History of the Camera Part 2
For part 1, click here. The importance of this information is in giving you, the new camera production person, background into why things are the way that they are. We discussed progressive film rate and interlace film rate in part 1.
The 1990’s
The call was out for quality. For decades, the television signals and standards stayed exactly the same. But technology was starting to improve and though the television industry resisted change, eventually it to caved. Why did they resist? They have millions of dollars invested in equipment. You change to HD and all that expensive gear would become garage sale material.
But eventually, the call for quality started to overcome the call for everything to stay the same. Everyone agreed it would be called “High Definition” or HD, compared to Standard Definition or SD. Again, just like the RCA/Philco battles of the 1930’s, Sony and Panasonic squared off, each pushing their own standard. Sony wanted to double the NTSC quality– instead of 525 lines, they picked 1080. Panasonic chose 720 scan lines across. However, they claimed theirs wasn’t a quality loss compared to the Sony because they were doing “progressive” images like film. But Sony stuck to their guns on 1080 interlaced. Well today, the winner of the HD battle has been 1080.

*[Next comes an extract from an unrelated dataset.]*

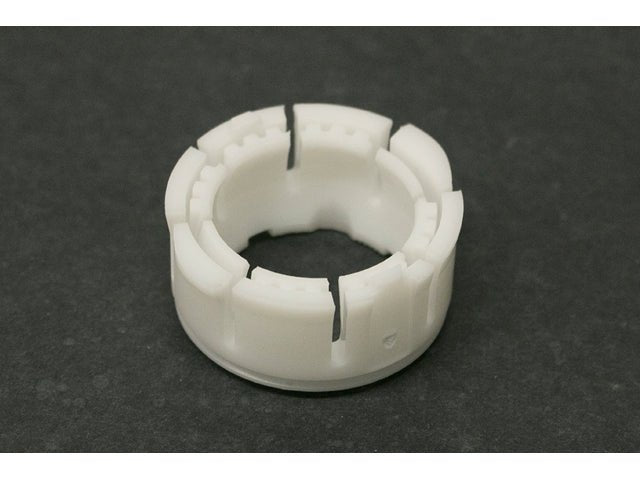 Bushing - AM42 EuroCars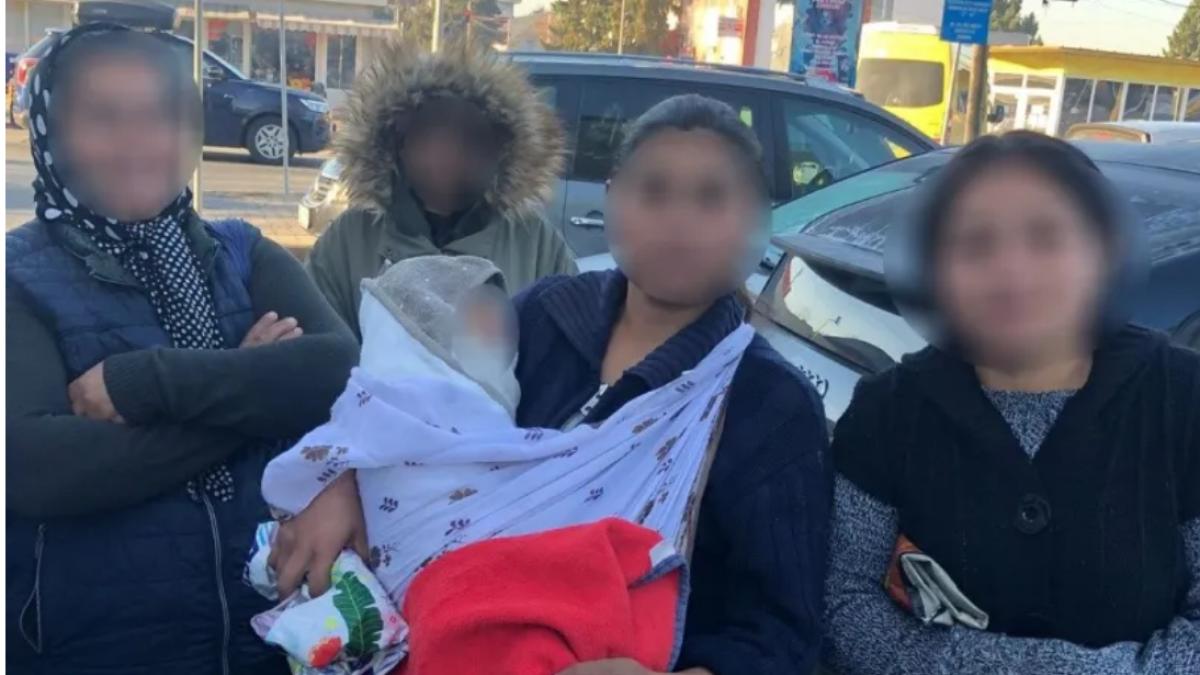 bebelus-folosit-la-cersit-bistrita_57541100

And when HD was created, everyone wanted a wider screen, to closer match more the cinema ratios people were used to watching in the theaters, so instead of the SD square (ish), a wider rectangle was created, by making it 1920 columns by 1080 rows. The 1920 was almost 2,000 (or 2K). So now you can understand what 4K is. 6K. now 8K. It’s that column number.
Is DVD up to HD Quality?
So when a client asks for their video that you’ve shot and edited on DVD, is that HD if you shot it at 1920×1080? No. The DVD format is a Standard Definition format. The best it can do is 720×480. That’s it. Doesn’t matter if you shot on a Red camera at 8K resolution. To output your file for the DVD authoring, it will be at best, 720×480. You can play High Def from Blu-ray discs. But most clients today need delivery of their video as a file, whether uploaded to a service like weTransfer, Dropbox or Box, or placed on YouTube or Vimeo, or copied onto a thumbdrive. They just need the file. We’ll discuss the compression/decompression factors in a future lesson.
4K and Beyond
But the difference today in the adoption of new standards, is that today’s televisions can display different standards. So multiple choices are being offered. And cameras have continued to get better. Cameras have been shooting 4K for some time (so roughly 4,000 columns across by roughly 2,000 rows). Why not go ahead and create televisions that can view this jump in quality? So 4K televisions are for sale right now at Best Buy.
Why is this history lesson relevant? Today’s production cameras have all sorts for settings for file size and frame rates. It’s important to know what each of them does.